# DH is wondering...



## southernheartsoaps (Jun 22, 2010)

My DH is a "left-brain" man... me, I'm more of the creative person, not so interested in numbers and statistics... however I suppose these things are important. He would like to know, from all you folks who are a bit further along in the business side of soapmaking, website hits vs. direct marketing... do you get more sales from your websites or from local markets, etc. I'm not even sure I'm asking this question correctly    But that's his question... any information on marketing, sales, web hits, etc. would be helpful for me to share with him... he checks the stats almost every day on our website and I'm not even sure I understand all the numbers he throws my way! Thanks guys!


----------



## donniej (Jun 22, 2010)

I'm skeptical that there is any good way to advertise or market on-line.  No one sees on-line ads.  Have you ever bought anything from one?
I believe a website and e-store is important but I can't imagine focusing all my energy into it.... but that's mainly because I live in such a big city.  If I lived in a less populated area I'd probably feel very differently about it.  

Having worked in the computer industry since 1995 I've seen up-close the internet evolve dramatically.  I think it's very important to realize how young it is and keep an open mind to "out of the box" marketing ideas as on-line advertising is far from being "figured out".  

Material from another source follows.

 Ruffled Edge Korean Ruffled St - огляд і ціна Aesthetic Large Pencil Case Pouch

I'm not there yet but I'm leaning more towards advertising in print here in Philly.


----------



## carebear (Jun 22, 2010)

wholesale is the only way I can be profitable, or even close.


----------



## agriffin (Jun 22, 2010)

It all depends on the effort you put in each market.  

I find local marketing, word of mouth, markets and fairs works best for me.

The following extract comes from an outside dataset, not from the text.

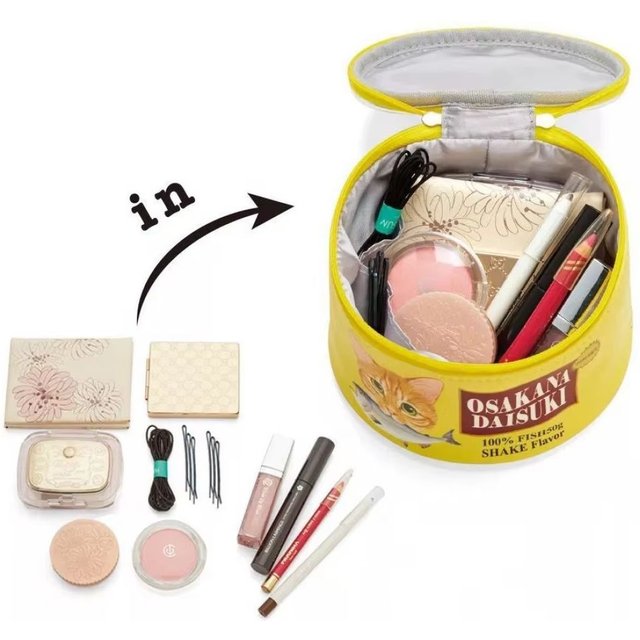 Cylindrical cartoon creative cat fish can cosmetic bag, cute sardine can-shaped storage bag for girls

But I also think that having a website is good at retaining customers.  After I've reeled them in...they know where to go to purchase stuff or they can send your info/website to friends and relatives to check out also.


----------



## madpiano (Jun 28, 2010)

actually, it's a combination of both. Every time I do a market, my website hits shoot up. If I'd finally have the shop ready, I would most likely sell to people who didn't buy at the market for whatever reason. Maybe not right away, but when they need a present or once their purchased soap has finished. 

I wouldn't rely on either as a marketing tool on it's own, but the combination is great.


----------



## fasanis100 (Jul 28, 2010)

If you are just getting started, local markets and craft shows are the way to go.  You will make more sales and besides you will have a first hand opinion on your products from your customers which is key to have a successful business.
Website is also key because over time it allows you to reach a bigger market, basically the whole World.  But in order to be successful on that venue you will need at least a year of good marketing SEO which will no cost you less than $500 a month.  So it is a big initial investment that IF you do it correctly and customers like your products will give you profits in the medium to long term.


----------